___ RECORDS FOR THIS TASK ___

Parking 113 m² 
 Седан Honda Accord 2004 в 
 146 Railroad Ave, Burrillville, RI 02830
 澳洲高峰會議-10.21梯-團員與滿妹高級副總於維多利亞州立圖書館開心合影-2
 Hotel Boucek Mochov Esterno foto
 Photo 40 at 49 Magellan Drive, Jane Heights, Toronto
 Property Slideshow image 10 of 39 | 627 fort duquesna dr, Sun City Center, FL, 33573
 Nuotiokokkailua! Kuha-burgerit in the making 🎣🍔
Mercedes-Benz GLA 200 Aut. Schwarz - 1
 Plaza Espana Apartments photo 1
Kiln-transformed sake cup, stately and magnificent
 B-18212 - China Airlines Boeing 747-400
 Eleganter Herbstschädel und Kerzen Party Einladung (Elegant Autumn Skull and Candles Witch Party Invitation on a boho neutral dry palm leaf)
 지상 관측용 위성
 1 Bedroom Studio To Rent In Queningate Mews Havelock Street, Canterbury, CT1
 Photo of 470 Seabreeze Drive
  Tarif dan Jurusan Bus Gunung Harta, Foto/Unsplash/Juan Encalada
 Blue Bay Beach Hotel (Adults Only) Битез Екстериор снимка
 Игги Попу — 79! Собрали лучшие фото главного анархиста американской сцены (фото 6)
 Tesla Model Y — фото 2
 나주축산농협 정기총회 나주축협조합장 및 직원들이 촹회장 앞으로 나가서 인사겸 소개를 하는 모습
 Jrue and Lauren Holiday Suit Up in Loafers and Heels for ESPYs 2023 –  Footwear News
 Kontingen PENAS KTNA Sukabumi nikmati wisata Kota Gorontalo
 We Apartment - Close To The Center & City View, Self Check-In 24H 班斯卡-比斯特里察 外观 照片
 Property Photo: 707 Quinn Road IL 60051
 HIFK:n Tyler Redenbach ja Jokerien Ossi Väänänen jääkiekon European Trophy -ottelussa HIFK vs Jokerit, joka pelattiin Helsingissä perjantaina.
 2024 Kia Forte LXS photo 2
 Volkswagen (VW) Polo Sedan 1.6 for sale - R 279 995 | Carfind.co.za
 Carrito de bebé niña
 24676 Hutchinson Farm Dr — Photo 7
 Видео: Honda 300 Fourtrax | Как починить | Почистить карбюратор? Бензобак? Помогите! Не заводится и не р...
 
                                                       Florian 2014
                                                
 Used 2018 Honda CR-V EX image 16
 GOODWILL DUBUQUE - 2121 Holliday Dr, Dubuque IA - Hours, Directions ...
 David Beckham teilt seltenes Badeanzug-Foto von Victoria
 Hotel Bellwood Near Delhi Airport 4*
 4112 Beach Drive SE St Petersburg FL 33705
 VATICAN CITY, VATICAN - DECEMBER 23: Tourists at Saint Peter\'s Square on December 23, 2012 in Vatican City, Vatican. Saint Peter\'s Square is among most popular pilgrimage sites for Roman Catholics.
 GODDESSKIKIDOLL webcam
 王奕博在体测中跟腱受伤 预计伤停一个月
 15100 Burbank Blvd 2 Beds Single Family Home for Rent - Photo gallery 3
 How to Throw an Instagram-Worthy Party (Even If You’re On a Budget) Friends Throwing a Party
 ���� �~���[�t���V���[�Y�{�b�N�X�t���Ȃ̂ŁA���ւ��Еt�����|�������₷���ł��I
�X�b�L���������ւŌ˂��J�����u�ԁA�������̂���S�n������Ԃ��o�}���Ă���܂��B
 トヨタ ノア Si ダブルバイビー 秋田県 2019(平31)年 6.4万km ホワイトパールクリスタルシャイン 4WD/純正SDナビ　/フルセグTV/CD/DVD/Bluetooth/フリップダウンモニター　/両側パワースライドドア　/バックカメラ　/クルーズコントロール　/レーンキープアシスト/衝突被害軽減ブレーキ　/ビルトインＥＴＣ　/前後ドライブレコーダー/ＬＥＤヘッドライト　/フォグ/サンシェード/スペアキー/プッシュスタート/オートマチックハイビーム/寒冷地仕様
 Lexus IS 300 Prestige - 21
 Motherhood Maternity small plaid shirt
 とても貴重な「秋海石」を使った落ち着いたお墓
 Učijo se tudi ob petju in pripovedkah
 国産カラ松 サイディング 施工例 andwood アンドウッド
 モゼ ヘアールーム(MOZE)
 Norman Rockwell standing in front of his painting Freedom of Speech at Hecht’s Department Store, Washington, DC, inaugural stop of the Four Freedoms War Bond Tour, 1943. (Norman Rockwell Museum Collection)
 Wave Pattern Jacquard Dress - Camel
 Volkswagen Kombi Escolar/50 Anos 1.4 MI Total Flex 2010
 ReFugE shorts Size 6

___

- _DESCRIPTION OF THE TASK_
Copy out the lines above exactly, beginning at the one that contains "澳洲高峰會議-10.21梯-團員與滿妹高級副總於維多利亞州立圖書館開心合影-2" and ending at the one that contains "15100 Burbank Blvd".

- _SOLUTION BELOW_
 澳洲高峰會議-10.21梯-團員與滿妹高級副總於維多利亞州立圖書館開心合影-2
 Hotel Boucek Mochov Esterno foto
 Photo 40 at 49 Magellan Drive, Jane Heights, Toronto
 Property Slideshow image 10 of 39 | 627 fort duquesna dr, Sun City Center, FL, 33573
 Nuotiokokkailua! Kuha-burgerit in the making 🎣🍔
Mercedes-Benz GLA 200 Aut. Schwarz - 1
 Plaza Espana Apartments photo 1
Kiln-transformed sake cup, stately and magnificent
 B-18212 - China Airlines Boeing 747-400
 Eleganter Herbstschädel und Kerzen Party Einladung (Elegant Autumn Skull and Candles Witch Party Invitation on a boho neutral dry palm leaf)
 지상 관측용 위성
 1 Bedroom Studio To Rent In Queningate Mews Havelock Street, Canterbury, CT1
 Photo of 470 Seabreeze Drive
  Tarif dan Jurusan Bus Gunung Harta, Foto/Unsplash/Juan Encalada
 Blue Bay Beach Hotel (Adults Only) Битез Екстериор снимка
 Игги Попу — 79! Собрали лучшие фото главного анархиста американской сцены (фото 6)
 Tesla Model Y — фото 2
 나주축산농협 정기총회 나주축협조합장 및 직원들이 촹회장 앞으로 나가서 인사겸 소개를 하는 모습
 Jrue and Lauren Holiday Suit Up in Loafers and Heels for ESPYs 2023 –  Footwear News
 Kontingen PENAS KTNA Sukabumi nikmati wisata Kota Gorontalo
 We Apartment - Close To The Center & City View, Self Check-In 24H 班斯卡-比斯特里察 外观 照片
 Property Photo: 707 Quinn Road IL 60051
 HIFK:n Tyler Redenbach ja Jokerien Ossi Väänänen jääkiekon European Trophy -ottelussa HIFK vs Jokerit, joka pelattiin Helsingissä perjantaina.
 2024 Kia Forte LXS photo 2
 Volkswagen (VW) Polo Sedan 1.6 for sale - R 279 995 | Carfind.co.za
 Carrito de bebé niña
 24676 Hutchinson Farm Dr — Photo 7
 Видео: Honda 300 Fourtrax | Как починить | Почистить карбюратор? Бензобак? Помогите! Не заводится и не р...
 
                                                       Florian 2014
                                                
 Used 2018 Honda CR-V EX image 16
 GOODWILL DUBUQUE - 2121 Holliday Dr, Dubuque IA - Hours, Directions ...
 David Beckham teilt seltenes Badeanzug-Foto von Victoria
 Hotel Bellwood Near Delhi Airport 4*
 4112 Beach Drive SE St Petersburg FL 33705
 VATICAN CITY, VATICAN - DECEMBER 23: Tourists at Saint Peter\'s Square on December 23, 2012 in Vatican City, Vatican. Saint Peter\'s Square is among most popular pilgrimage sites for Roman Catholics.
 GODDESSKIKIDOLL webcam
 王奕博在体测中跟腱受伤 预计伤停一个月
 15100 Burbank Blvd 2 Beds Single Family Home for Rent - Photo gallery 3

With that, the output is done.